◆ **Dataset extract**
=== Begin Enclosure ===

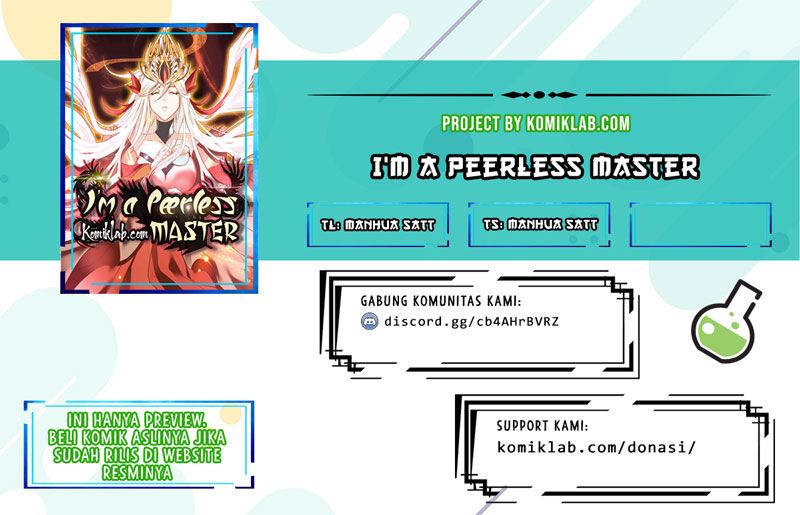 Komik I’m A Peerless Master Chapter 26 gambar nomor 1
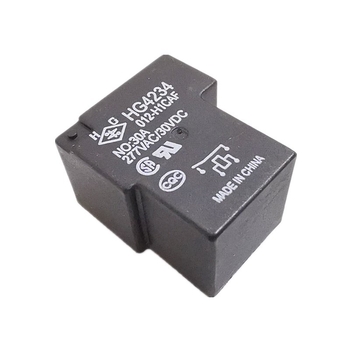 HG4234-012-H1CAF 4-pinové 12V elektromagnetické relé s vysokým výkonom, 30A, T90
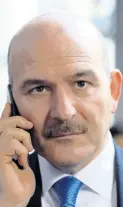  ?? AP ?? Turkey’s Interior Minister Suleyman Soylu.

=== End Enclosure ===

Return all the data exactly, and keep the pictures out.

◆ **Answer space**
 Komik I’m A Peerless Master Chapter 26 gambar nomor 1
 HG4234-012-H1CAF 4-pinové 12V elektromagnetické relé s vysokým výkonom, 30A, T90
  ?? AP ?? Turkey’s Interior Minister Suleyman Soylu.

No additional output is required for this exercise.